Ol’ rag blues

Until recently, Goldsmith Vintage in London had a shop at the corner of Charing Cross Road and Manette Street (it’s now a sushi place). On a visit in the summer of 2018, I was digging through the bargain bin in their basement and pulled out the above cotton dress, sky-blue with white polka dots, which I bought for £5. It had clearly been made by hand and by this point had seen better days. The zipper was broken beyond repair and I wasn’t sure how the hem was feeling. However, I loved the fabric itself, which was still bright and lively. Back in my hotel room I tried on the dress and discovered it wasn’t going to fit – the circumference of the bodice was definitely too small, and also too short for my torso. But there would clearly be a lot of fabric to play with in the process of reinvigorating this thing.

I detach the skirt from the bodice, remove the broken zipper and toss it, and then begin undoing seams. This is, in fact, a full circle skirt! An offbeat choice for something that hangs above the knees, but I’m not complaining.

The skirt divides into three pieces (one half-circle and two quarter-circles), and even the half-circle alone would be enough for a new skirt. But it would be a little short on me. I doodle a bunch of ideas for how to elaborate on that, but none of them really grab me. Some I end up reassigning to a different polka-dot project coming along in the background, and quite a bit of time goes by while I consider. Finally, I decide I do want a skirt, but would like to show off the print in an A-line sort of way, ideally with a flounce at the bottom. I go digging through my stash of patterns.

That’ll work!

The only problem is that there isn’t going to be enough fabric to accommodate the recommended flounce.

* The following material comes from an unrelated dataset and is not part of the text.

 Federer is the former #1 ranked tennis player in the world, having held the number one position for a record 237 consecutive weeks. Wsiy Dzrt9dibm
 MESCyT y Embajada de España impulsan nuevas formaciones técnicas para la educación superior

So I cut out all the other pieces and save the bottom of the half-circle piece to use as a flounce instead.

I would love to add a layer around the top of the flounce – a bit of white lace, maybe. As a result: I spent an entire evening as follows: digging through my scrap bin to no avail, deciding to knit a lace layer, trying about 8 options, finding exactly zero of them at all satisfactory, and just deciding to move along without.

Okay, here we go. Basting pieces together…

Machine-ing…

Attaching and trimming the flounce…

Hand-whipstitching the bottom of the waistband lining…

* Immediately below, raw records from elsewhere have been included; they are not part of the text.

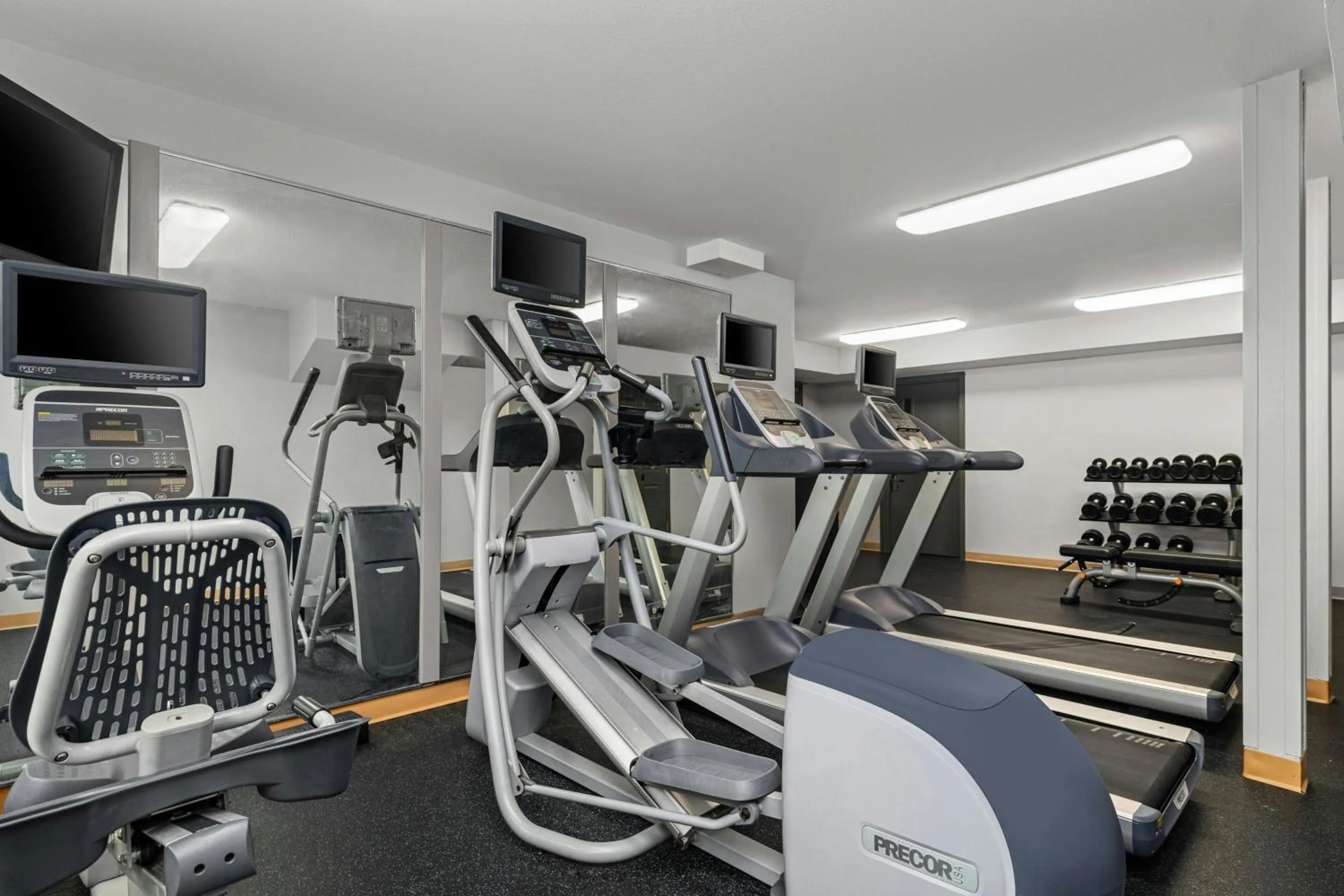 Fitness centre/facilities in TownePlace Suites Minneapolis West/St. Louis Park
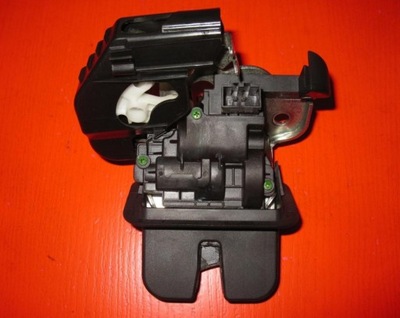 Замок крышки задняя audi a5 8t8 8k9 sportback фото №1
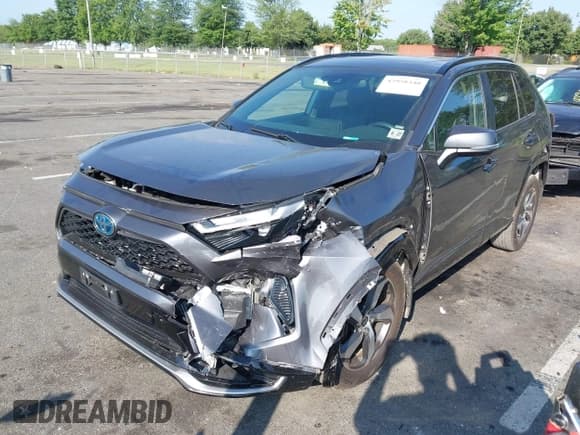 ✅ 2022 Toyota RAV4 SE • VIN: JTMAB3FV1ND091198 • Лот: 42958340. Опубликован ранее на IAAI с пробегом 38 071 миль. Бесплатный доступ к архиву аукционных продаж из США и подробный отчёт об истории автомобиля на DreamBid. Изображение 6.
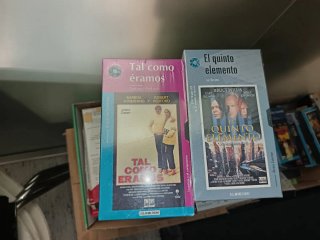 Más de 50 películas en VHS. Tengo reproducto VHS.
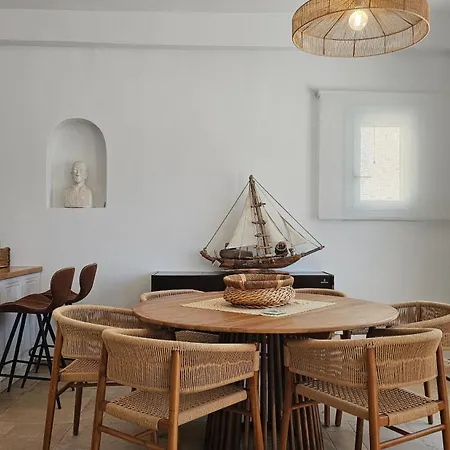 Milos Aquabliss Beachfront Holiday home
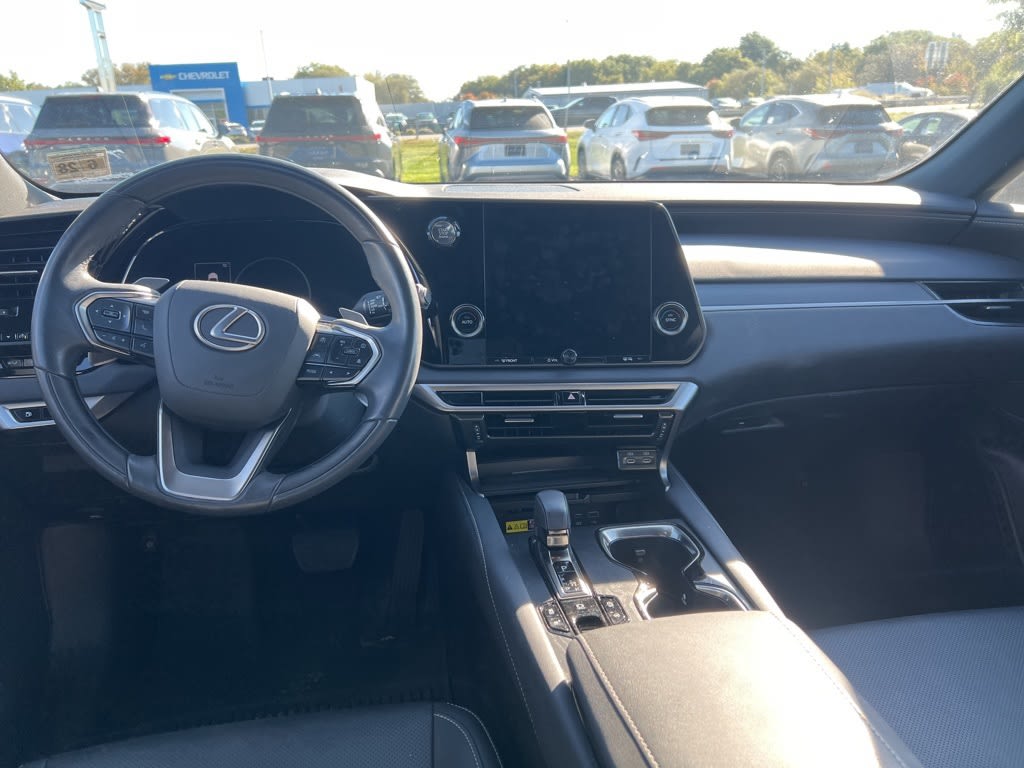 Thumbnail: 2023 Lexus RX - 2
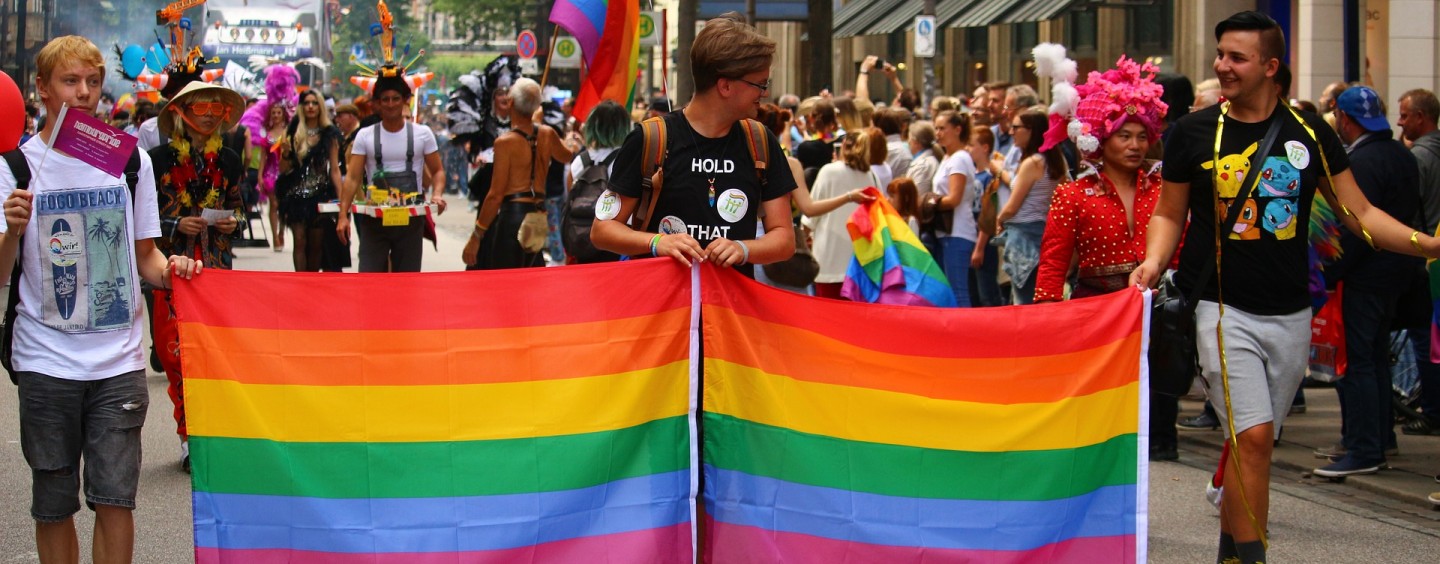 norvégien gay rencontres sites 10 conseils pour sortir avec une mère célibataire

Things are looking pretty good here.

Before trying to insert the zipper, I machine-baste the left hip closed and try on the skirt to check the size. There are all kinds of problems with it. Okay, two problems:

1. It’s too big. I simply cut out the size corresponding to my waist measurements, but it’s about two inches too wide. This is after taking into account that the skirt is supposed to sit a little below the waist. Which is not awesome. My body is semi-rectangular – my hips aren’t much larger than my waist – so right now this skirt really wants to fall off.

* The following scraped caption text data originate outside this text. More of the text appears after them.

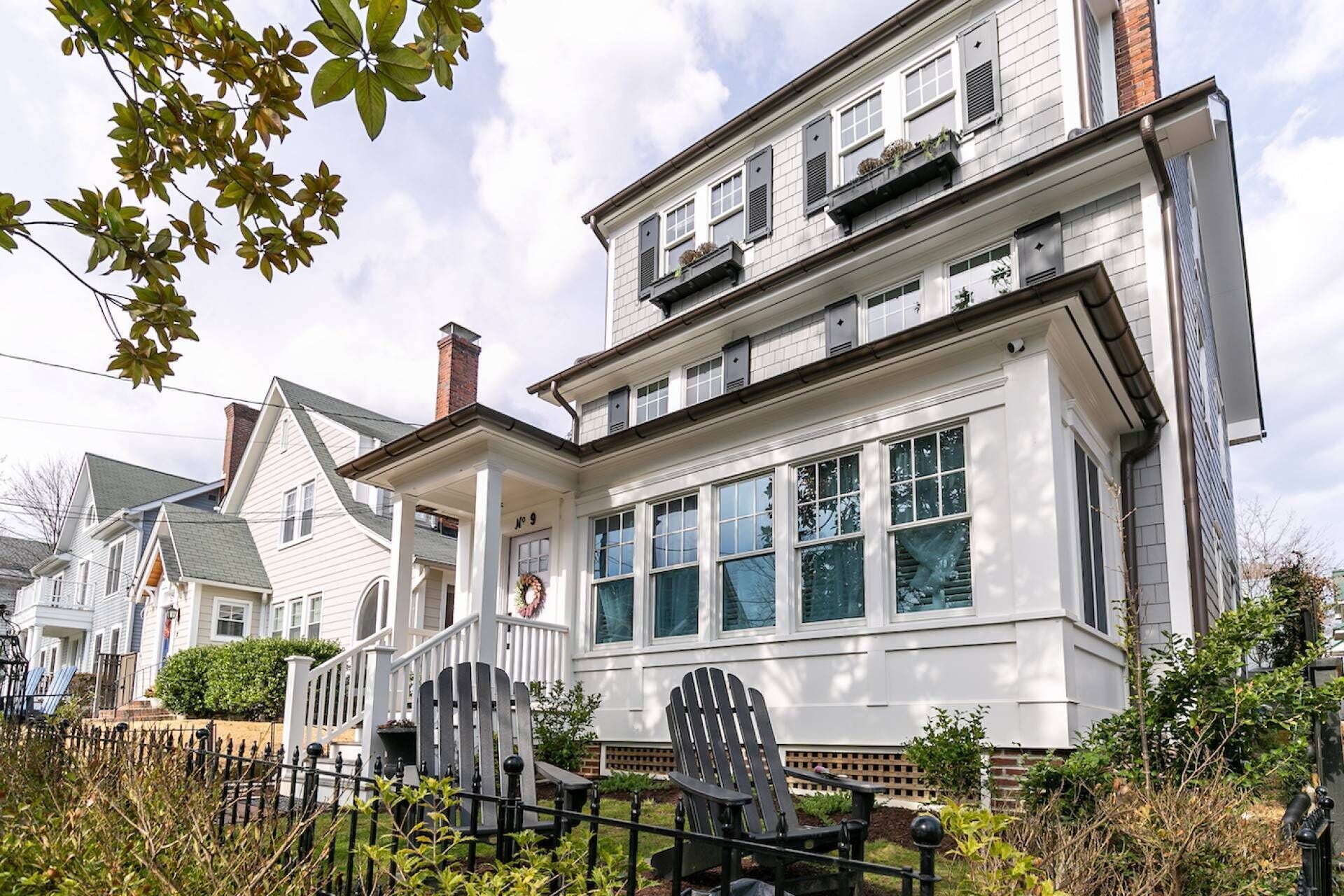 Water-taxi to town from Private patio, parking, dog and family-friendly On Cloud 9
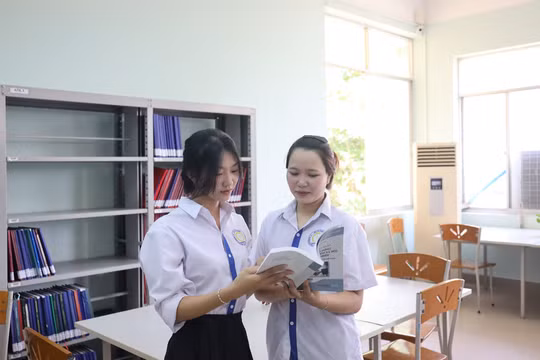 Từ 25/9, giáo viên dạy bằng tiếng nước ngoài phải đạt chuẩn ngoại ngữ bậc 4 trở lên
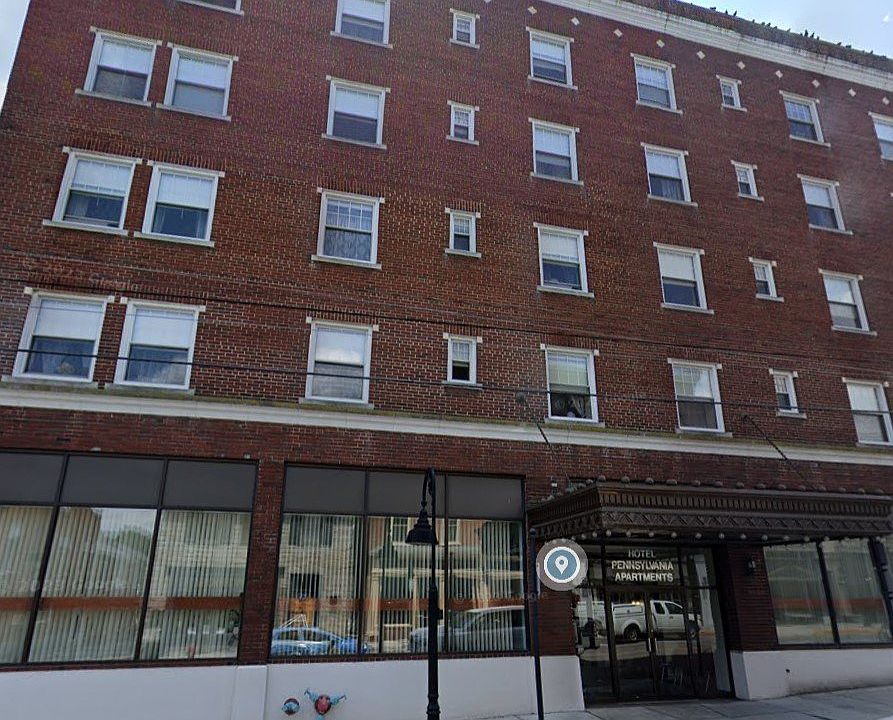 2nd image of 116 E Pitt St #116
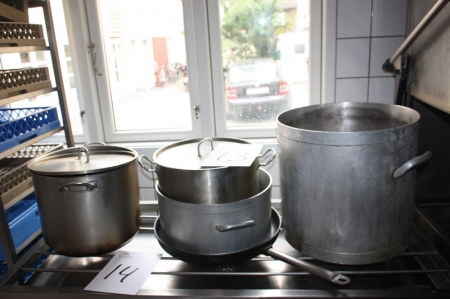 4 big pots and big pan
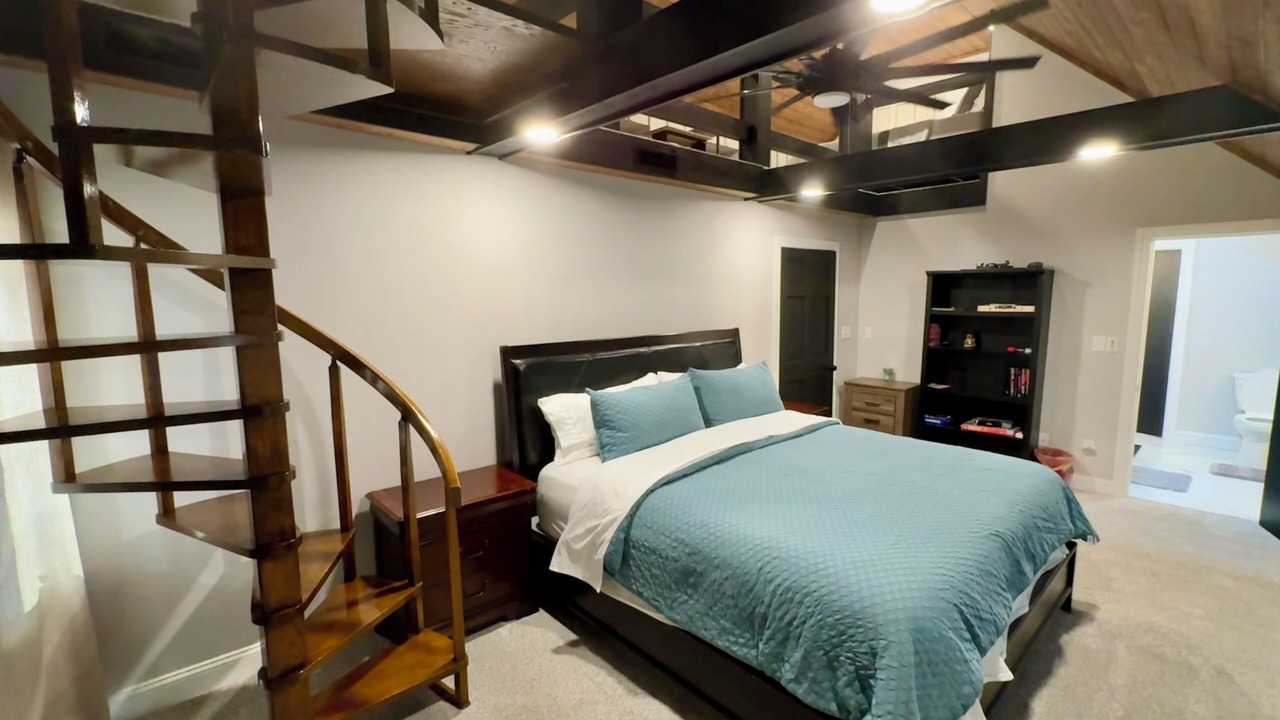 Photo of Bedroom in Bowling Green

2. The front is great. The back is…not. It isn’t hanging well; the fabric at the top just under the waistband has a big awkward horizontal wrinkle.

I stare at the wrinkle in frustration and consider installing the zipper at the centre-back to help disguise the problem, but decide it wouldn’t actually help.

Fine, we’re hacking away at the whole darn thing, detaching part of the waistband, and doing some reconfiguring. To the seam-ripper!

To deal with the sizing problem, I cut most of an inch off each side and then resew. In an attempt to get rid of the wrinkle, I experiment a bit with reshaping the attachment of the waistband to the back, and end up with a curve that reaches higher onto the waistband. It’s odd, but the results are a lot better.

At least I hadn’t tried to insert the zipper earlier, when I would have had to remove it. I do that now, by hand (I still haven’t figured out the invisible-zipper-foot yet, but have at least become pretty good at putting these things in manually).

Now I’m trying to figure out how best to finish the inside of the waistband.

Fold edges under, hand-baste, fold lining down, hand-baste again, stitch-in-the-ditch from the right side?

I don’t have any better ideas than that. And it should work, though after reshaping the back to compensate for the wrinkle, things will be uneven around the back.

I folded the edge up trying to leave some overhang, but I still end up having to hope that the stitch-in-the-ditch does catch the inside of the waistband.

Result: it’s pretty good! There are a couple of small holes around the back where it didn’t quite catch, but those I can secure manually without too much trouble. Now just to remove the basting and figure out how to finish attaching the top of the invisible zipper to the sides of the waistband. How about manually stitching through all those layers but trying to catch as little of the right-side as possible, like a blind-hem?

It worked! Actually, it worked better on this side than the other side, which has a few odd stitches showing on the right side…but still a lot better than giving in and topstitching the darn thing.

Anyway, we’re done! I have salvaged some nice blue cotton and continued improving my skirt-making skills. Which is just as well, because I never manage to persuade myself that I have enough skirts.